"Tu n'as que trop d'eau , pauvre Ophélie, et je retiens mes larmes" — Hamlet, acte IV scène 7

La pièce Ondine, de Jean Giroudoux, mise en scène en 1939 par Louis Jouvet, réinventait ce mythe nordique ancestral d’une Lorelei, d’une nymphe-naïade qui attire vers l’eau au travers du personnage d’une jeune fille, ses parents et sa cour, son amour Hans et la menace du Roi des Ondins.
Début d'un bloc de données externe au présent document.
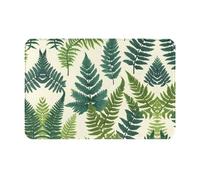 WBQLSL Multipurpose Absorbent Protective Mat, 16x24 Inch Size, Encyclopedia of Ferns Washable Entry Doormat, Front Door Welcome Mat, Bathroom Home
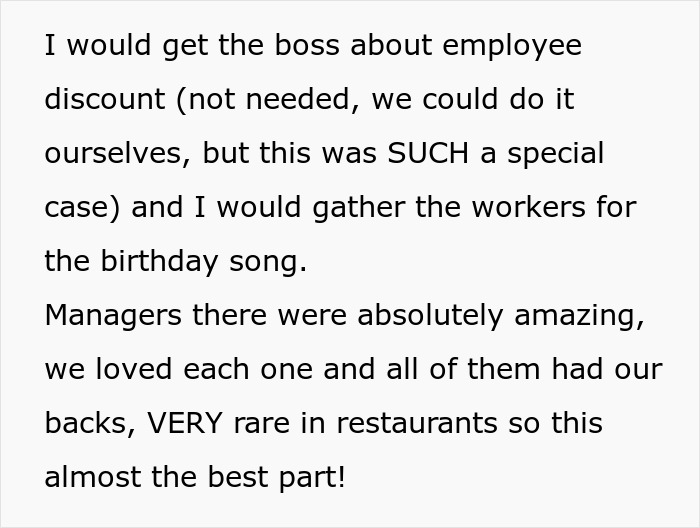 Text excerpt describing supportive restaurant managers and employee discounts during a special birthday celebration.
Pleine d’humour, d’onirisme et d’originalité, cette pièce de théâtre m’avait émue, et la réinvention de ce mythe dans le film allemand Ondine de Christian Petzold, me séduisait a priori.


Cette réinvention partait bien : dans une esthétique léchée et lumineuse, au coeur d’un Berlin ultra-contemporain, Ondine, interprétée par Paula Beer — qui, pour ce film a reçu un Ours d’Argent de la Meilleure actrice à la Berlinale, déambule et rencontre l’amour dans la personne d’un scaphandrier, quand l’eau et les puissances aquatiques semblent de plus en plus la troubler. Drôle de synopsis, mais qui s’ancre, sans aucun doute, dans la réinvention de ce mythe, cliché et intemporel car universel et séduisant, d’une femme-naïade, attirante et marine.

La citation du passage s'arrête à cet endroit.